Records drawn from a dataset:
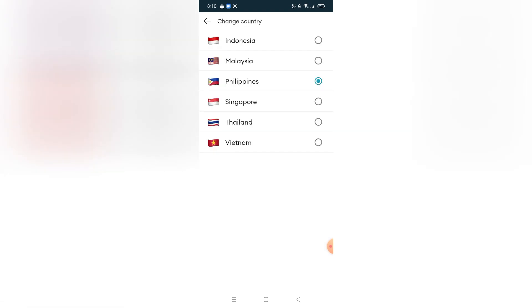Keep in mind that if your Lazada app is on an Asia region, you can only change your country within that region. My Lazada is on the Asia region, so I can only change between those countries.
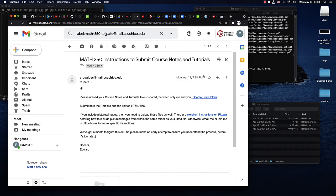This is a quick video to show you how to submit your course notes and tutorials to our shared Google Drive folder.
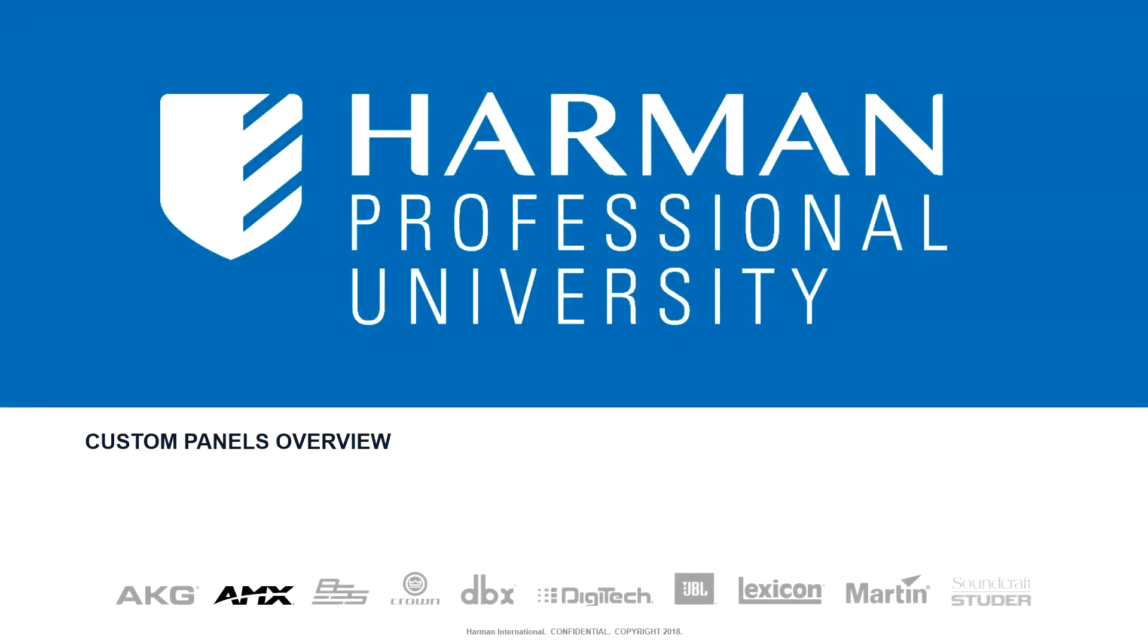Welcome to the Audio Architect Custom Panel Overview video. In this video, we'll cover the basics of what custom panels are, how they are created, and how they can be used.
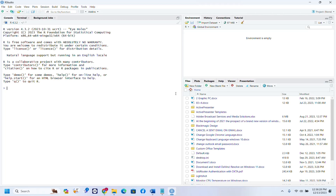That's all I wanted to share with you today — that's how you download and install RStudio on your Windows PC. Thanks a lot for watching, and please consider subscribing to our channel if you like our content. All the best.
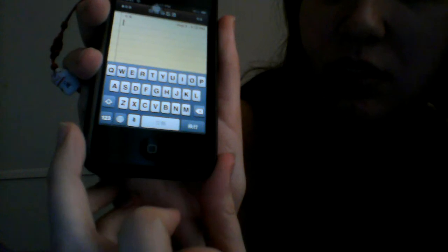Hi everybody. This is for people who want to know how to type pinyin on a phone. I have my iPhone. You click the little international button to type the pinyin.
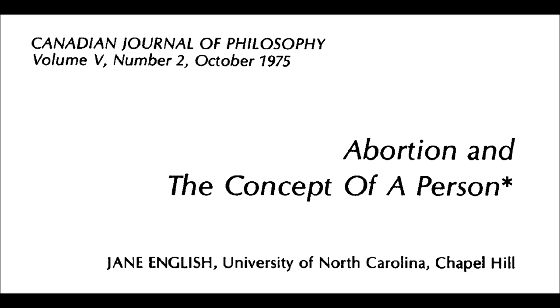Abortion and the Concept of a Person by Jane English, published in 1975. The abortion debate rages on, yet the two most popular positions seem to be clearly mistaken. Conservatives maintain that a human life begins at conception, and that therefore abortion must be wrong because it is murder.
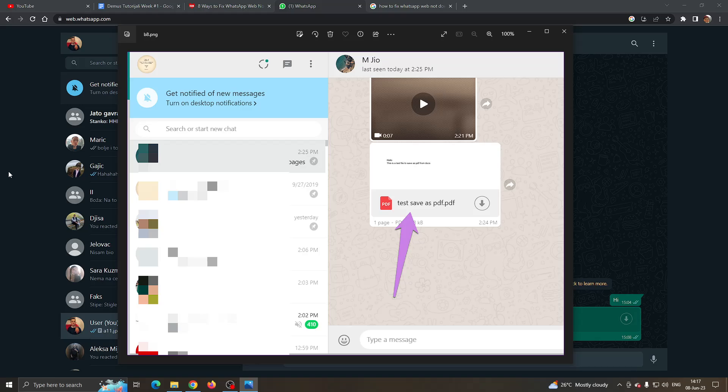Hey everybody, what's up and welcome back to today's video. Today I'm going to show you how to fix this error that you may be getting on WhatsApp if you cannot download files correctly from the WhatsApp web application.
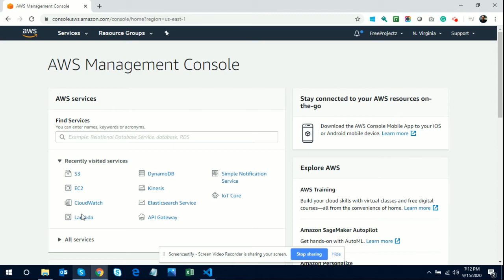Hello friends, welcome again. This is my new video about making a live project using AWS, the cloud platform. I got many inquiries from students asking how they can deploy their HTML-based static project on AWS.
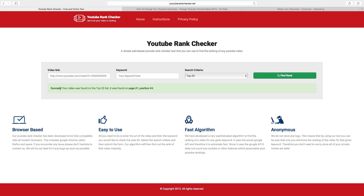Success! Your video was found on the top 20 list. You are on page one and position four. This is a nice way to check your YouTube rankings for free, so please check it out.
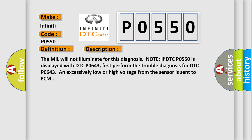And now this is a short description of this DTC code. The MIL will not illuminate for this diagnosis. Note if DTC P0550 is displayed with DTC P0643, first perform the trouble diagnosis for DTC P0643. An excessively low or high voltage from the sensor is sent to ECM.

**Required work**
Your answer should be the exact lines above from the one containing "This is a quick" through the one containing "Hello friends, welcome", with both end lines kept and the pictures removed, please.

**Your solution**
This is a quick video to show you how to submit your course notes and tutorials to our shared Google Drive folder.
Welcome to the Audio Architect Custom Panel Overview video. In this video, we'll cover the basics of what custom panels are, how they are created, and how they can be used.
That's all I wanted to share with you today — that's how you download and install RStudio on your Windows PC. Thanks a lot for watching, and please consider subscribing to our channel if you like our content. All the best.
Hi everybody. This is for people who want to know how to type pinyin on a phone. I have my iPhone. You click the little international button to type the pinyin.
Abortion and the Concept of a Person by Jane English, published in 1975. The abortion debate rages on, yet the two most popular positions seem to be clearly mistaken. Conservatives maintain that a human life begins at conception, and that therefore abortion must be wrong because it is murder.
Hey everybody, what's up and welcome back to today's video. Today I'm going to show you how to fix this error that you may be getting on WhatsApp if you cannot download files correctly from the WhatsApp web application.
Hello friends, welcome again. This is my new video about making a live project using AWS, the cloud platform. I got many inquiries from students asking how they can deploy their HTML-based static project on AWS.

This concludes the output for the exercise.